Web Scraping using Rselenium
Parag Verma and Wen Long
2023-12-13
Basics of Web Scraping
Web Scraping is process of extracting useful information from a website or URL.This information can be in the form of text, tables, embedded links,ratings, etc. It is a very handy tool when one wants to supplement the existing information of country demographics, customer preferences, store location, etc.
How to scrape data from a website
Data can be scrapped in two ways:
- One from a static website(which doesnt change often).Examples of
this include wikipedia page, govt websites, Company e-site.
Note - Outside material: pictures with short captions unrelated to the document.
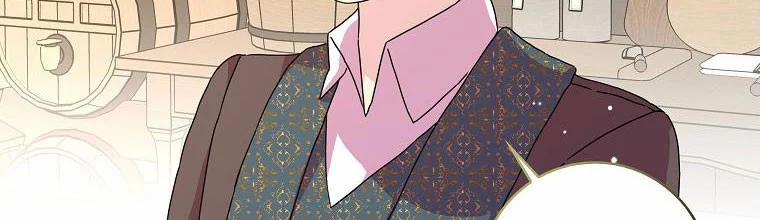 Mẹ Chồng Phản Diện Đáng Yêu 8 trang 155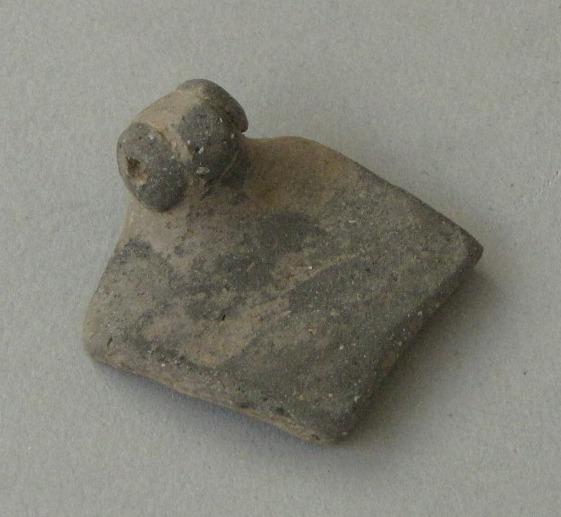 V C 6137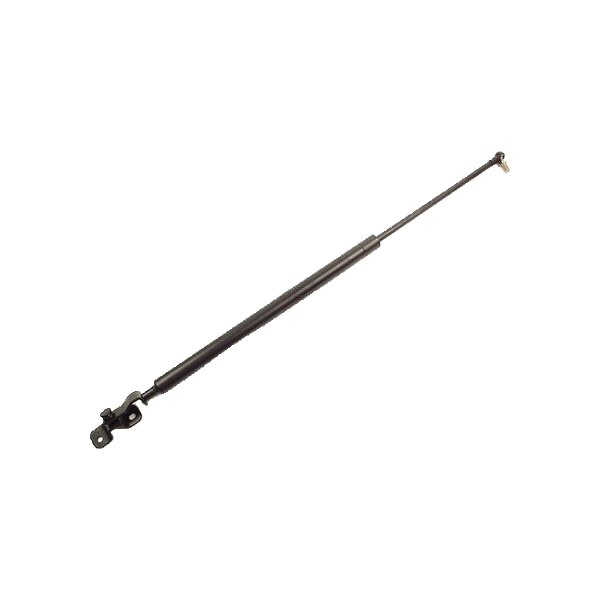 Gas Spring Boot/Cargo Area Stroke 235 mm 350 N TRISCAN for e.g. TOYOTA COROLLA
- Second from a dynamic website(such as google pages,shopee, etc).Here the content is masked through Java script and Jqeury and hence we cant use the html way(using specific tags) of extracting information
In this blog, we will look at how to scrape data for the second option.We will use what is known as headless browsing.A headless browser enables you to load a website without a GUI and all the actions are implemented using a command line interface. I wont go into the detail of it as it would murk the purpose of the blog. In R, we use Rselenium package that helps in headless browsing
Step 0: Importing the libraries
package.name<-c("tidyverse","RSelenium")
for(i in package.name){
if(!require(i,character.only = T)){
install.packages(i)
}
library(i,character.only = T)
}
## Loading required package: tidyverse
## ── Attaching core tidyverse packages ──────────────────────── tidyverse 2.0.0 ──
## ✔ dplyr 1.1.4 ✔ readr 2.1.4
## ✔ forcats 1.0.0 ✔ stringr 1.5.1
## ✔ ggplot2 3.4.4 ✔ tibble 3.2.1
## ✔ lubridate 1.9.3 ✔ tidyr 1.3.0
## ✔ purrr 1.0.2
## ── Conflicts ────────────────────────────────────────── tidyverse_conflicts() ──
## ✖ dplyr::filter() masks stats::filter()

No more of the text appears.